Overall execution time for JRuby goes from 5x Ruby 1.8.6 to 1x. But even though the overall time is now the same, the execution time of the individual permutations differ a great deal. And Ruby 1.9.0 turns out to be about 2.5x faster than both JRuby and Ruby 1.8.6. Here's a graph of the results.


Summary
  • We find that implicit invocation of a block using yield is always substantially faster than explicit invocation with auto-magical binding of the block, which in turn is just marginally faster than binding the block in advance and passing it to the method as a parameter. This is consistent across JRuby 1.0.3, Ruby 1.8.6 and Ruby 1.9.0
  • The performance of block invocations when compared across different runtimes is beyond the capability of the author to explain and is left to better heads than his.
  • It is clear that in this context, Ruby 1.9.0 is substantially faster than Ruby 1.8.6 and JRuby 1.0.3
You may also want to read: Ruby blocks gotchas

2 comments:

Ola Bini said...

Interesting results. You have to realize that the 1.0-branch of JRuby is not focused on performance. Basically none of the performance improvements we have applied to the 1.1-branch have been backported to 1.0.

So, as a typical example, MRI 1.8.6 does like this on your example:
user system total real
foo 2.840000 0.010000 2.850000 ( 2.860675)
bar 5.580000 0.030000 5.610000 ( 5.629368)
ooga 5.590000 0.020000 5.610000 ( 5.660512)

And JRuby current trunk (r5500) running with -J-server:
user system total real
foo 1.615000 0.000000 1.615000 ( 1.615000)
bar 2.303000 0.000000 2.303000 ( 2.303000)
ooga 2.206000 0.000000 2.206000 ( 2.206000)

So you can see that JRuby is actually substantially faster for this benchmark.
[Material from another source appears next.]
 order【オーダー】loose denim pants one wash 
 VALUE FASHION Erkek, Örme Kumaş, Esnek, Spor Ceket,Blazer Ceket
I can't compare with latest 1.9 since I don't have it at the moment, though.

Unknown said...

That's really cool.

In case anyone's wondering what difference -J-server makes, here's a run using exactly the same setup as in my post (JRuby 1.0.3), but with -J-server (I'm and idiot, really, should have done this in the first place).
user system total real
foo 8.562000 0.000000 8.562000 (8.562000)
bar 14.641000 0.000000 14.641000 (14.641000)
ooga 15.906000 0.000000 15.906000 (15.906000)

JRuby 1.1 is 5x to 7x faster than 1.0.3! Awesome!